I don't think beginners always play easy chess positons and GMs play always complicated positions. I know sometimes there are games that are straightforward games, with no much complication, but i never took into account those games.

"If you take an average from a very large number of games and compare them, a stronger player will usually score better than a weaker player"

I already did that.

"LucasChess has other features that might be valuable, but this Elo evaluation is not useful at all."

Ok, discard the elo evaluation if you don't like it. Take the number of mistakes and blunders, that could be useful, right? chess.com analysis does that too. Because if that's useful, then my conclusions are exactly the same as taking elo performance values.

Well, i don't think this conversation belongs to this forum, it's coming from other topics and another forum, so i will not keep talking about it here.

Thank you @MGleason for taking your time to answer.

 

MGleason

I'll respond to this one:

"If it's possible that beginners chess players can always choose to play easy positions where they can't blunder, then any beginner chess player will do so while playing vs Magnus Carlsen and always get a draw."

Nope.  A strong player is very good at creating complications where his opponents are likely to go wrong.  A strong player is also good at accumulating little advantages.  A weak player doesn't know how to avoid this.

Weak players playing against each other sometimes fail to do this, and so have games where it never reaches a complex position.  And you've also heard of a "GM draw" where a draw is good enough for both players and neither player wants to take a risk and so they both just go for an easy drawn position and never seek out complications.

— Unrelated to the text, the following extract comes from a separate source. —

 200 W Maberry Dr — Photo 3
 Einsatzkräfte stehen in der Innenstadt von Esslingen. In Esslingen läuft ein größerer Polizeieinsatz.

But when a strong player wants to try to win, a weak player is not good enough to be able to avoid the complications and difficulties that the strong player wants to create for him.

"Take the number of mistakes and blunders, that could be useful, right?"

Some of the same issues actually apply to that, too.  In a complex and difficult game, both players are likely to make more errors.  In a simple, straightforward game, both players are less likely to make significant errors.

Across a large sample size a stronger player will usually make fewer errors, but if he loves to play aggressively and make speculative sacrifices, he might actually make a lot of moves that the engine considers to be a blunder but that are difficult for a human opponent to refute.

So even there, you really do need to factor the difficulty of the position into the equation.

The problem with simplistic metrics based on engine evaluation is that they are just that: simplistic.